# Catalogue: G 37-82 (Works of 2009)



## Crudblud (Dec 29, 2011)

Hello again!

G = Individual pieces
CD = Albums and EPs

*G catalogue*

37 - Potato Wife
38 - Exhibit A
39 - Potata Knife
40 - Oud Inventions
41 - Kwannukamas
42 - I'm Not a Marsupial
43 - Pachuco Incident (with Mango)
44 - **** (trilogy)
45 - Patience
46 - The Filler Variations
47 - Kiman Dobenz
48 - Worry in the Fashion of Burger Man
49 - Patience II
50 - Call it Today
51 - The Return of Pancho
52 - Monoliths
53 - Mr. Pachuco Walks Cakes for a Living
54 - Does This Sound Serious Enough?
55 - Bootz
56 - Barbecue Yuppy Convention
57 - I Attempt to Soothe My Ears
58 - Theme from Roman Polanski's ****
59 - Cthulhu's Bar & Grill
60 - Train Station
61 - Riot
62 - A Whole Month
63 - The Collected Works
64 - Work Week Walk
65 - The Old Greats (Don't Take the A-Train / It's Barely Spring / Stay Away from the South Rampart Street Parade)
66 - Mormon Jive
67a - Cheezim
67b - Cheezax
68 - Mumblin' Breads
69 - Coma Man
70 - Hungry
71 - Fire ****
72 - Lakeside Cabin
73 - ******* ****
74 - Combination Drudgery
75 - Nose
76 - Krubs
77 - Cheese Greater
78 - It Causes Deases
79 - Difficult Like Sunday Afternoon
80 - Rolf on Drugs
81 - Glitch in the Software
82 - Vampires

*CD catalogue*

*3 - Kwannukamas*
My only release to be exclusively on CD-R. All live or layered recordings of various compositions, the title track is an aleatoric piece using simple d6 rolls related to material blocks.
Collects G 37-42

*4 - Residential Home Music*
Two track EP featuring bizarre spoken word and a ritualist sort of thing.
Collects G 55 & 56

*5 - The 20th Century*
Similar to The Salad although far more original, and no tacky clown music.
Collects G 43-51

*6 - An Evening of Light Musical Entertainment* _(currently unavailable)_
My earliest listenable attempts at using orchestra size instrumentation, I avoid the term "orchestra" in and of itself as I wasn't aware of the instruments making up a standard orchestra at the time. Like The Salad it borrows far too much from its influences, in this case Messiaen.
Collects G 52-54

*7 - Tableshit*
A return to my roots, this is a taster of what much of the lost music I mentioned in the first part of this catalogue would have sounded like.
Collects G 61-82, almost all in both original and alternative arrangements, though a couple are original only.

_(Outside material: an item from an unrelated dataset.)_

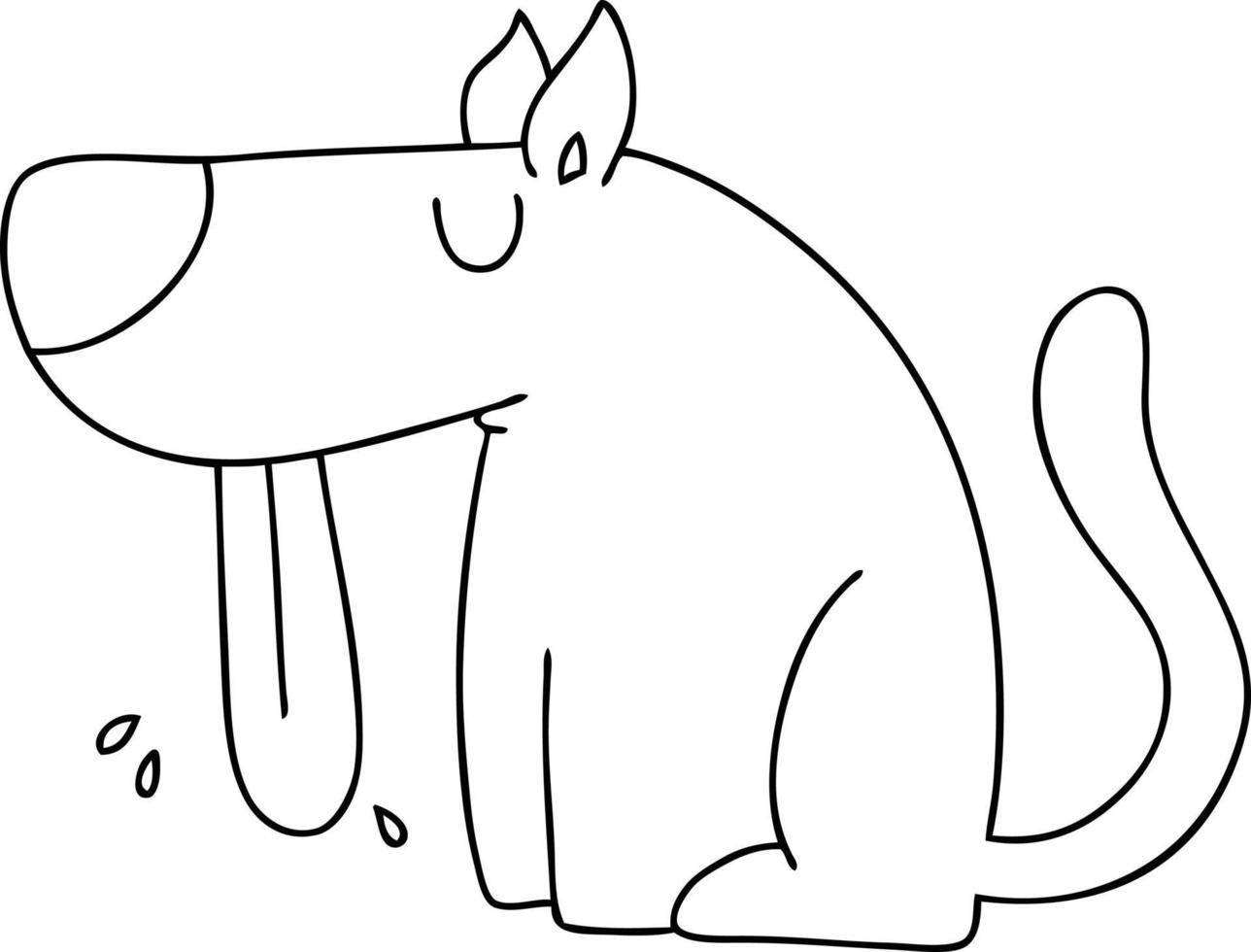 quirky line drawing cartoon dog vector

*8 - Pizazza LP* _(currently unavailable)_
The second in my series of guitar improvisation collections, again recorded and released all in one day, this time with good sound quality.
Collects G 57-60

*9 - Stuff That Doesn't Suck Quite as Bad as the Rest of the Stuff* _(currently unavailable)_
Highlights from digital harsh noise experiments done in 2008.
Collects G 23, 24, 30 & 33-35

----------------------------

Other 2009 releases are largely unimportant and I'll be adding those much later on.

2010, 2011 and near future releases will be posted tomorrow, I'm feeling lazy now.


----------



## ComposerOfAvantGarde (Dec 2, 2011)

Could you possibly tell me what **** (trilogy), Fire **** and ******* **** are? I'm having difficulty understanding what they are called since TC censored them. Maybe tell me in code so TC doesn't censor them.


----------



## Crudblud (Dec 29, 2011)

Shirt (trilogy), Fire Fork, Forking Shirt.


----------



## ComposerOfAvantGarde (Dec 2, 2011)

Haha I see now.


----------